# Stepson making all the wrong moves



## thebuckest (Jul 10, 2012)

hello all i am a concerned parent who is trying to correct my childs behavior and just need ideas. 

long story short my stepson had a baby when he was 16 he did so despite our continuos warning and even banning of the baby momma. so he lied and said he was going to a friends house and ended up in the back of her truck making a child. 

fast forward almost two years and he hasnt been much of a father, he pays child support but thats all. i have been on him since the baby has been born about stepping up as a father and how his fun as a kid is gone. my wife would always make excuses about how he works is in school etc. and things were going to be different after he graduated. Well now hes graduated and its been a couple months and he hasnt spent one day with his lil girl. he goes out with friends and works thats it. hes rarely home as he knows theres not much more we can do since hes less than a month from being 18 and its really getting to me. 

So my problem is i grew up with a crap dad and know that pain. its hard for me to sit around and watch him do this to an innocent child and just let it go. I was thinking of charging him rent once hes 18 or just kicking him out but i would rather not push him out as i know this would push him away. however the wife fears charging him rent will only cause him to move out either way and i say yeah but at least his given the option and were not just tolerating it. so with that said any ideas?

also dont want my other two boys 15 and 6 to see this type of behavior and think they will just do the same stuff if it came to it and mooch of me.

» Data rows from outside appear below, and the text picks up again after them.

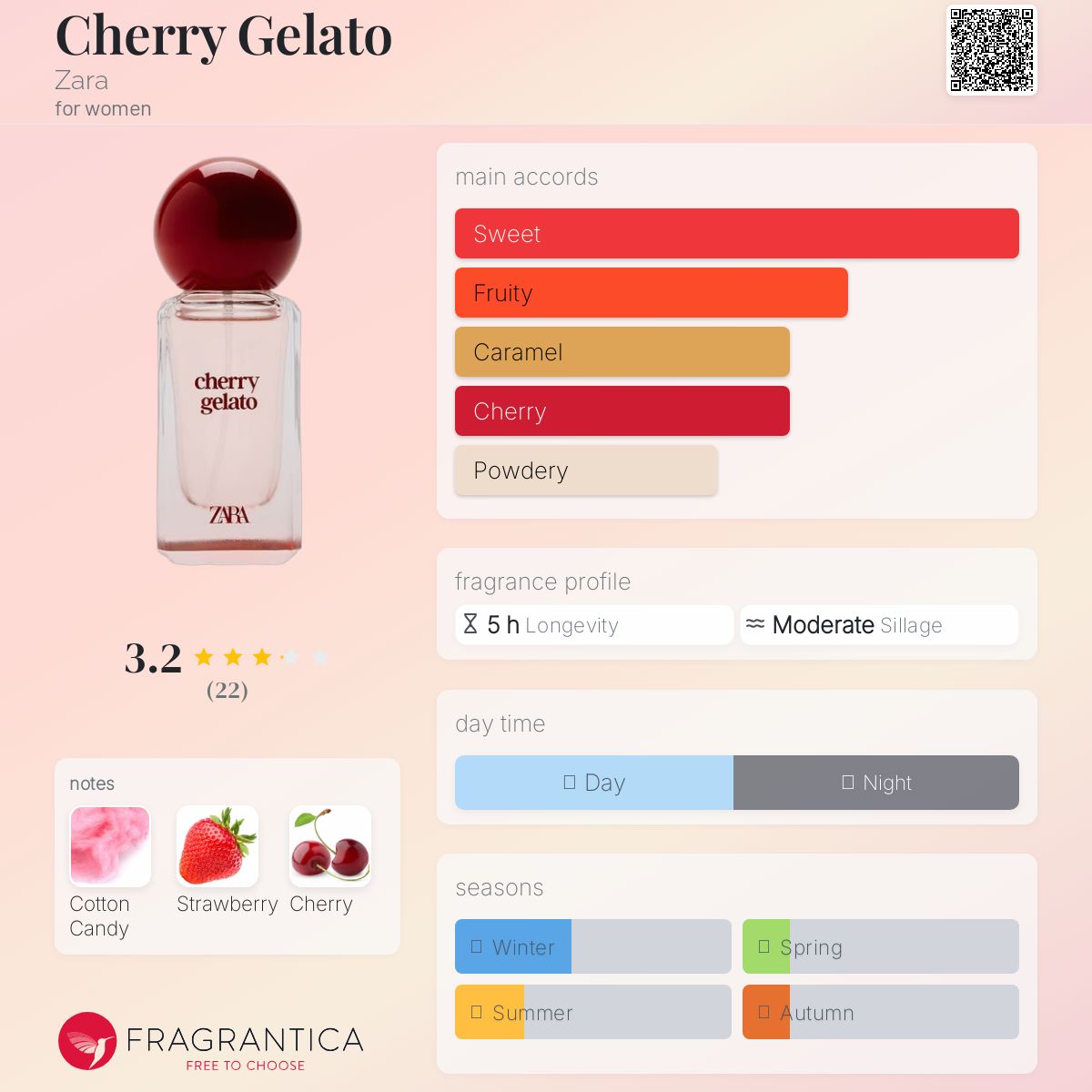 عطر ادکلن چری جلاتو زارا - Cherry Gelato Zara - بررسی، قیمت و خرید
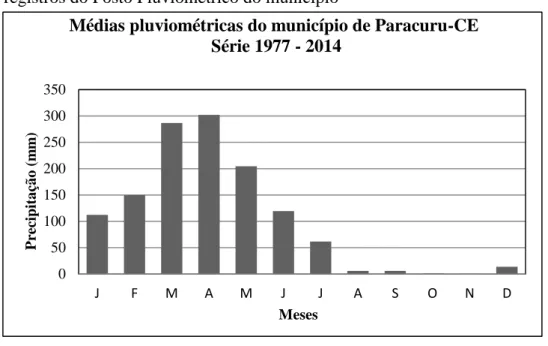 Figura  4  -  Gráfico  das  médias  pluviométricas  de  Paracuru  com  base  nos  registros do Posto Pluviométrico do município 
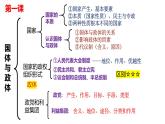 选择性必修一《当代国际政治与经济》 课件-2024年高考政治三轮冲刺教材本本过（统编版）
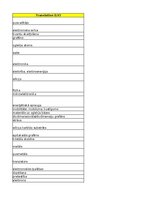 Konspekts 'Functional semiconductor made from graphene - glossary', 5.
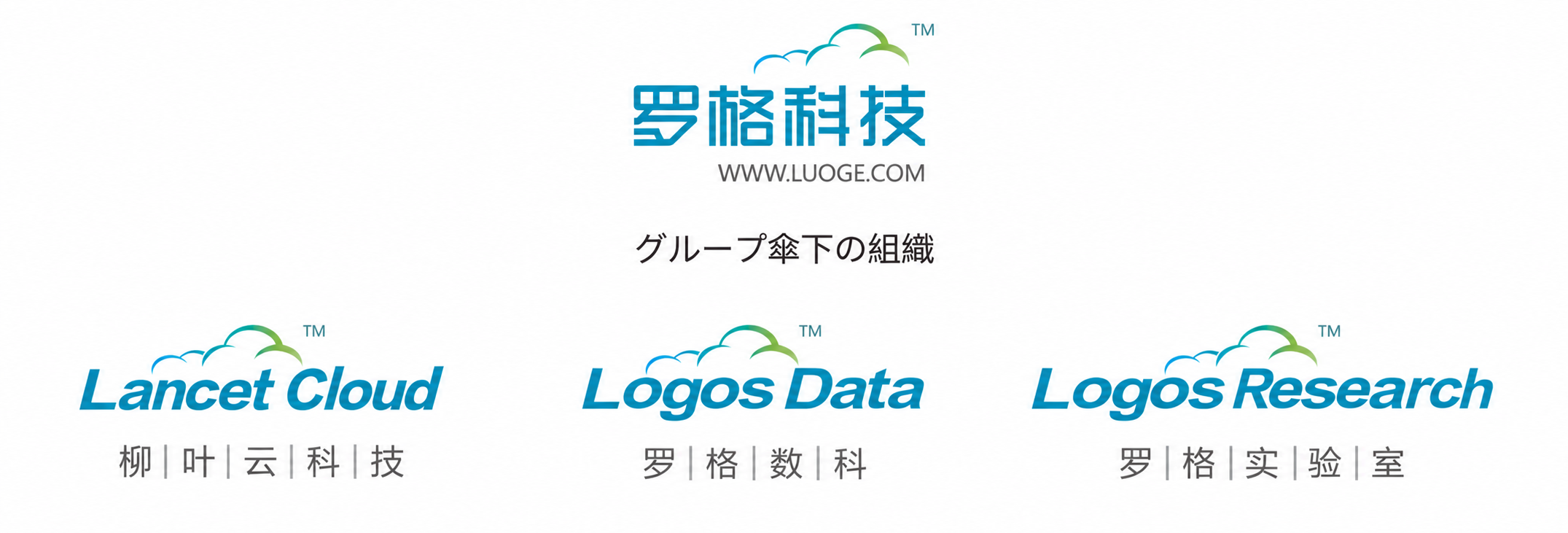 LoLR.AIグループ：Lancet Cloud、LogosData、Logos Research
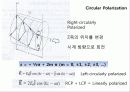 광학 편광  8페이지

In case u hadnt noticed this is a personal subject for me i am screaming zero tolerance on this but willing to work with the wife if she generates some ideas. just rent is all i can think of as he will be an adult. 

thanks in advance.


----------



## in my tree (Jun 9, 2012)

Personally I don't see anything wrong with him paying a little rent but waht about school? Is he planning on college or working on a trade? Maybe he could put part of his pay away for that. 

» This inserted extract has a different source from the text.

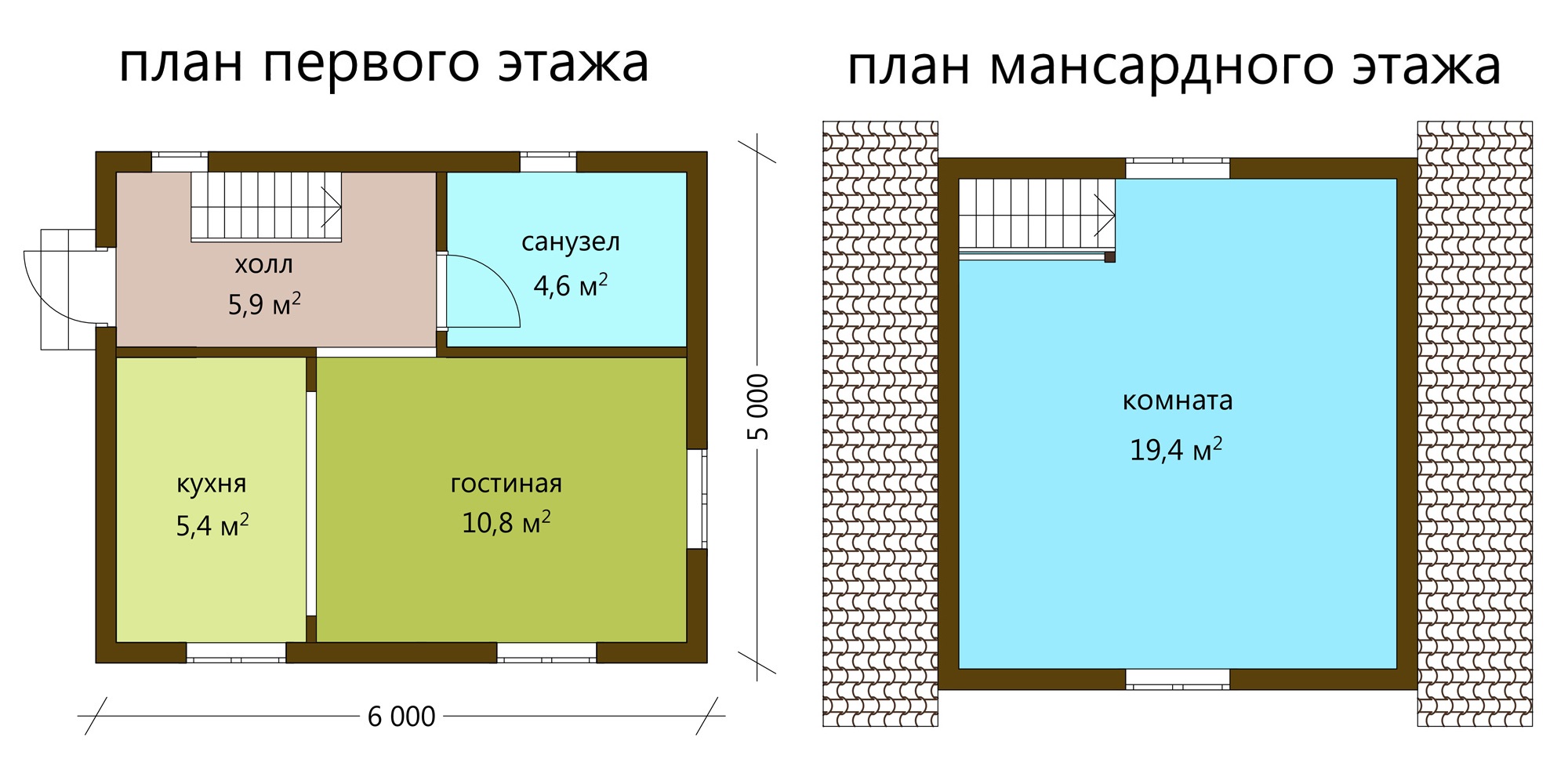 Проект дачного домика 6х6 с мансардой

He doesn't sound interested in his daughter right now but he really needs some encouragement in getting involved with her. He made the adult decision of having the baby so now he needs to be an adult and get involved. Parenting classes are also a good start. Is he involved with his daughter's mother at all? If so, maybe that's something they could do together. Just a thought.


----------



## thebuckest (Jul 10, 2012)

he has seperated from her eight months ago he would help a lil here and there before that but nothing on his own ever just a shell of a dad really. and as far as school no he wont have that oppurtunity as he blew off school and barely made it through hs. hes one of those kids that never listens to our advice and always has to learn the hard way. Im just torn cause i cant sit back and do nothing and talking hasnt worked for two years so i know thats not going to change him. and hes basically always staying with friends now as it is so i know if i charge him like 150 a month he would move out but that would still be better than forcing him out. just got to get his head out of a** basically. thanks for the reply.


----------



## survivorwife (May 15, 2012)

thebuckest said:


> hello all i am a concerned parent who is trying to correct my childs behavior and just need ideas.
> 
> long story short my stepson had a baby when he was 16 he did so despite our continuos warning and even banning of the baby momma. so he lied and said he was going to a friends house and ended up in the back of her truck making a child.
> 
> ...


Yes, charge him rent. As a mother of two grown sons, I recommend teaching some responsibility. The trick is to start with a minimal amount, depending on what "real" rent is in your area. For Example $50 a week +/-. If he can do better living elsewhere (which is the point of the nominal amount) then he is free to do so. You might want to convey that this amount includes utilities, and if he moved elsewhere that would be extra.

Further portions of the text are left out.